Hi, I also hope they do. In my case it does not appear so, as my husband seems to be in love with the OW. I think if they do not have somebody else they will, especially the guilt stage. If they do have somebody else then probably they will when THAT relationship is over... over them. How sad


----------



## hilly2 (Jan 15, 2012)

I think they do to some extent...unless they are a sociopath.


----------



## Mamatomany (Jan 10, 2012)

If mine isn't now, he will, and I know he has been sad at one time when this started. He is losing his children to this. Even if we R several will hold this against him for quite a while. My adult kids want little to do with him and my youngest says he is no longer his daddy because he doesn't live here anymore (I reaffirm his daddy loves him every night).

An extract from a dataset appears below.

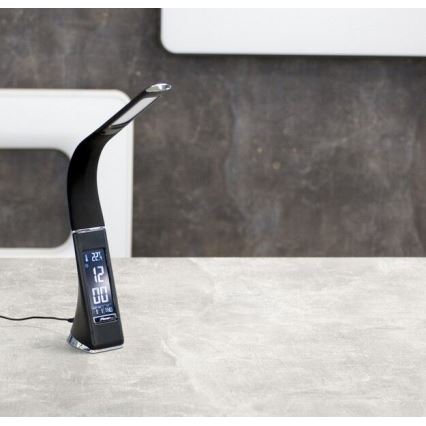 Настільна LED лампа з регулюванням яскравості та дисплеєм LEATHER LED/7W/230V чорний
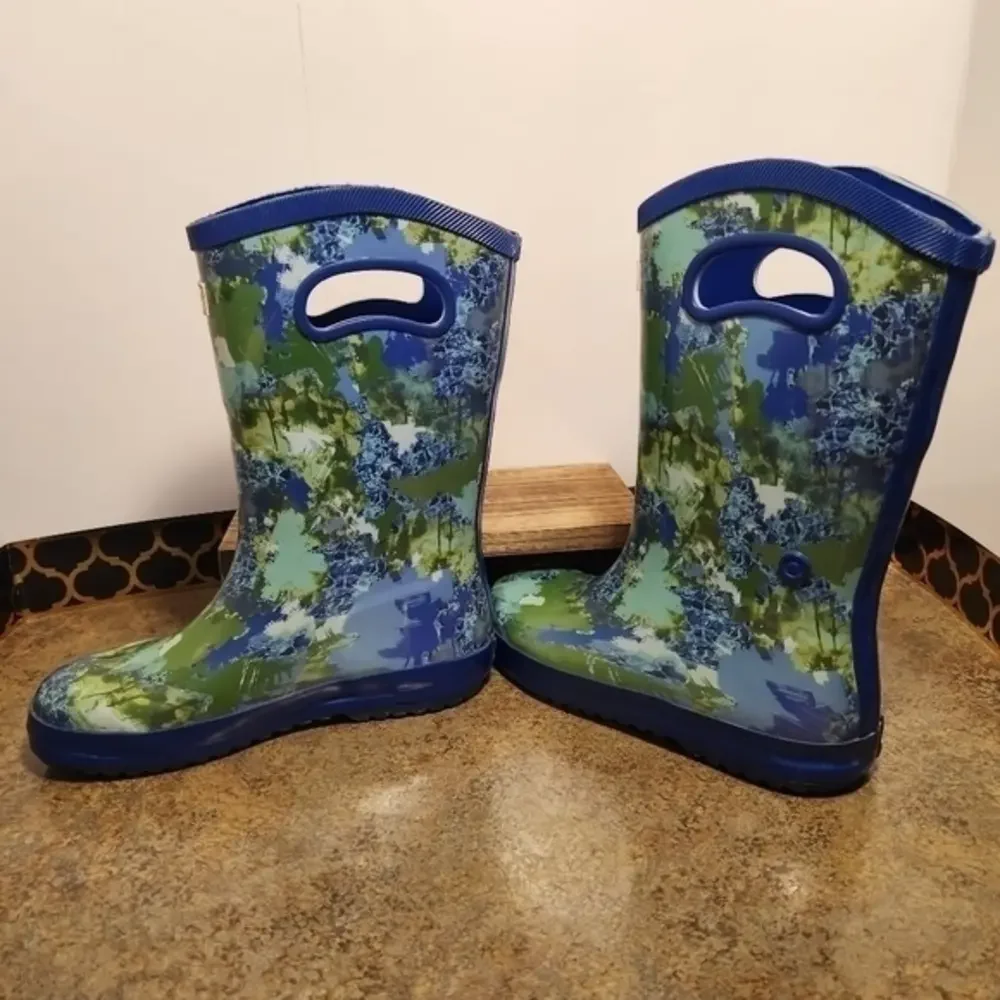 Hunter for Target Kids Rain‎ Boots Size 2 Floral Blue Outdoors Water Play Puddle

My 6 yo talks about getting a second daddy and dating a second daddy... Only 1 of my kids isn't talking about replacing him or disliking him... and he is intrinsic and holding in lots of fear/anger etc.

I know when he still lived here, he cried and showed remorse/grief but now that he is gone (and tasting the single life and maybe having an A) he isn't showing any signs of sorrow.


----------



## bandit.45 (Feb 8, 2012)

I ended it after my wife cheated on me twice.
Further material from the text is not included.